もちろんトゥールーズのキャピトール広場には巨大スクリーンが設置されます。ここは南西フランスの中心地でありラグビー王国ですから。試合開催地の10都市には「ラグビー村」その他のさまざまなアトラクションが設けられ、それは各国代表チームのベースキャンプ地となる以下の町も同様です。リュエイユ・マルメゾン、ル・トゥーケ、ヴェルサイユ、ラ・ボール、リブルヌ、アヴィニョン、モンペリエ、トゥーロン、ラ・ロッシェル/レ島…。
盛り上がること保証!

5. 垂涎のフランス料理

フランスでは地方ごと、都市ごと、そして村ごとにさえ独自の伝統とレシピーがあります。いってみればフランス中のおいしいものめぐりをするには、ラグビーワールドカップ2023が良い機会になるでしょう。しかもすべて持続可能性や地産地消からのアプローチ。

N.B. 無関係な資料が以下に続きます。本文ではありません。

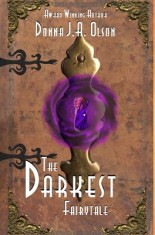 The Darkest Fairytale: A Tugann Draiocht Chun Na Beatha book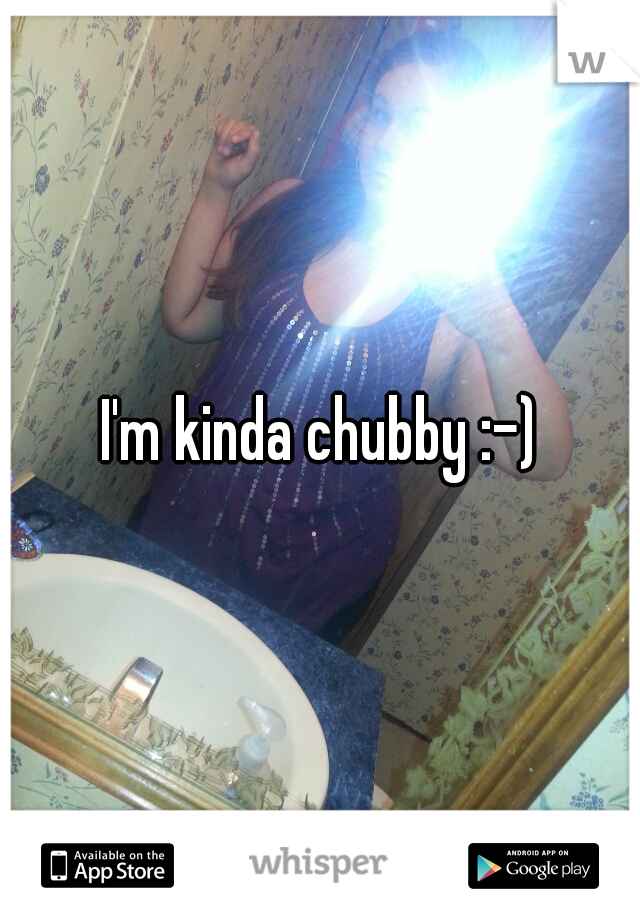 I'm kinda chubby :-)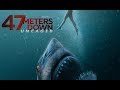 47 Meters Down: Uncaged (2019) Official Trailer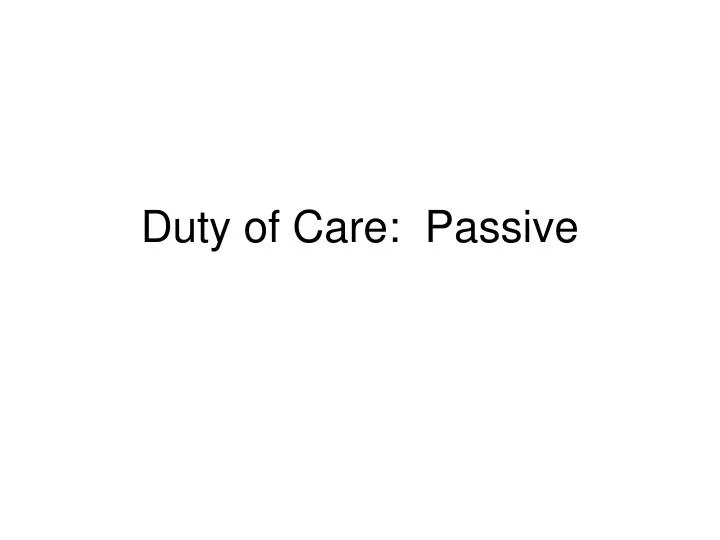 duty of care passive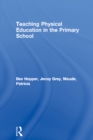Teaching Physical Education in the Primary School - eBook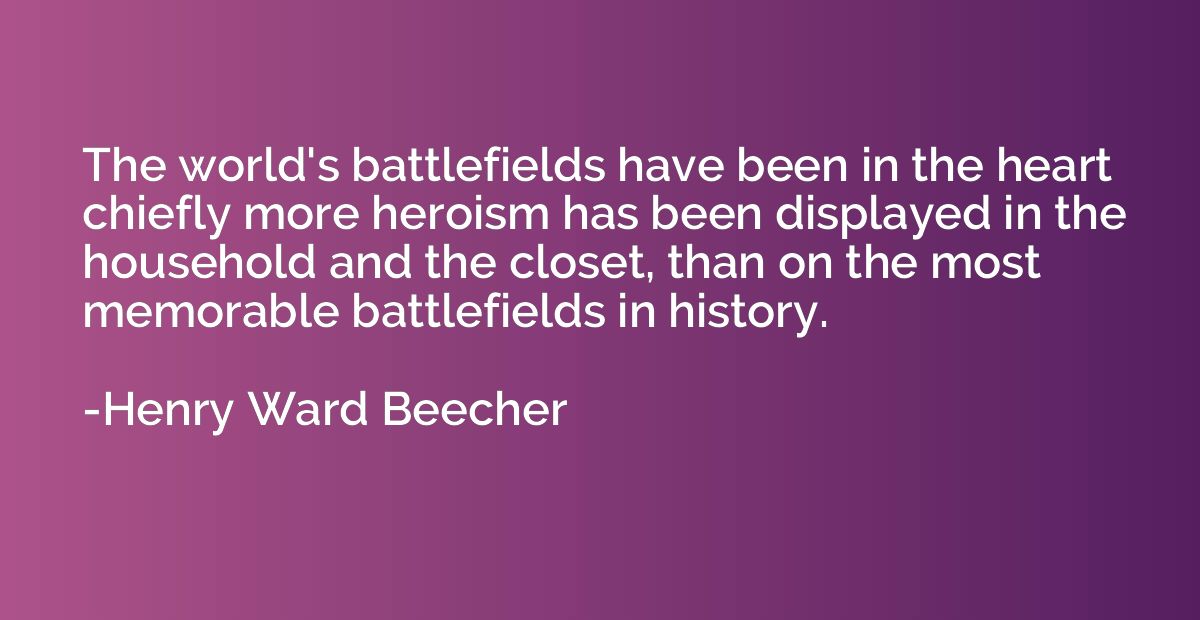 The world's battlefields have been in the heart chiefly more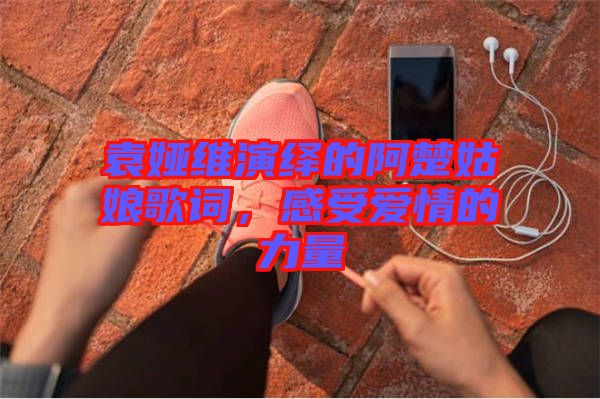 袁婭維演繹的阿楚姑娘歌詞，感受愛情的力量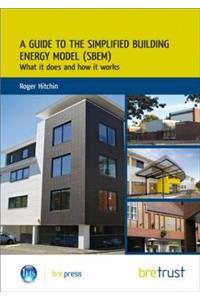 A Guide to the Simplified Building Energy Model (SBEM)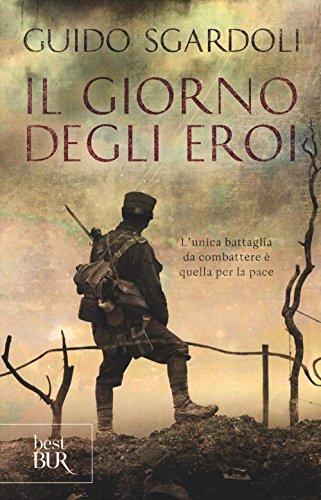 Il giorno degli eroi - Guido Sgardoli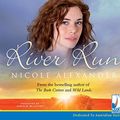 Cover Art for 9781510057777, River Run by Nicole Alexander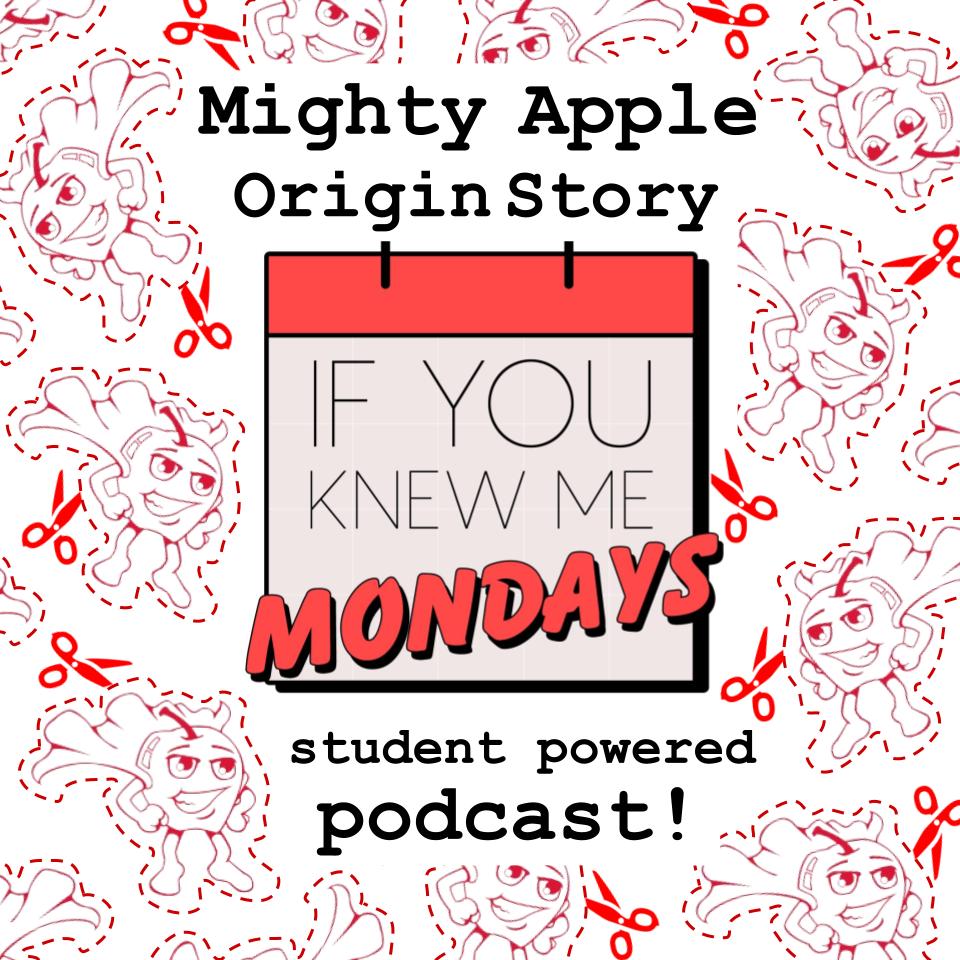 IYKMM Mighty Apple Origin Story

ミシュランガイドの2022年版でフランスは新たに6つの「グリーン星」(環境に配慮したレストラン)を獲得して、この種の問題に参加しているシェフの数では世界一となりました。これ以上何が望めるでしょう?
どこかの郷土料理を食べたいと思ったら、ひたすらチョイスに迷うでしょう。元気が出る料理(サン・テティエンヌ風ポテト=千切りジャガイモを丸く固めて揚げたもの、トゥールーズのカスレ、テリーヌのパイ包み、ソーセージ入りブリオッシュ、ロゼット・ド・リヨン=サラミソーセージ)、南仏料理(ニースのピサラディエール=玉ネギとアンチョビー入りタルト、ソッカ=ひよこ豆の粉のクレープ、パニス=ひよこ豆ペーストのフライ)、海の幸(ボルドー近郊アルカッション湾の牡蠣)、スイーツもお忘れなく(パリのマカロン、リールのバニラ味ゴーフル)、そしてもちろんチーズの盛り合わせがあればラグビーマンもKOです。そしてワインはボルドーやブルゴーニュの高級銘柄からよく冷やしたお手ごろな白ワイン(ミュスカデやグロ・プラン・ナンテなど)まで飲む人はきっと大満足。

6. 便利で持続可能な移動手段

観戦の合間にフランスを縦横に走り回ってその自然と文化に触れたければ、飛行機もレンタカーも必要ありません。ラグビーワールドカップ2023の試合開催地はすべて列車でアクセス可能で、環境にやさしい交通手段を推奨しています。これは開催地に選ばれる重要な基準のひとつで、ベースキャンプ地選びも同様でした。
現地ではスタジアムに観戦に行くにも周辺を観光するにも、持続可能な交通手段があります。トラム、電動アシスト付きを含む無料の貸し自転車(パリのVélib'、マルセイユのVélib'、リールのV’Lille、ニースのVélo Bleu、トゥールーズのVélô Toulouse、サン・テティエンヌのVélivert)、キックスケーターtrottinettesの無料貸し出し…地球にやさしいと人生は美しい!そして海や川を行くなら、水上または海上交通手段としてシャトル船あるいはハイブリッド双胴船がスタンバイしています。トラムのチケットがあればボルドーでガロンヌ川、ナントではロワール川の船を利用でき、リヨンにもソーヌ川の小型蒸気船があります。こうしたゆったり穏やかな移動もなかなかいいものです。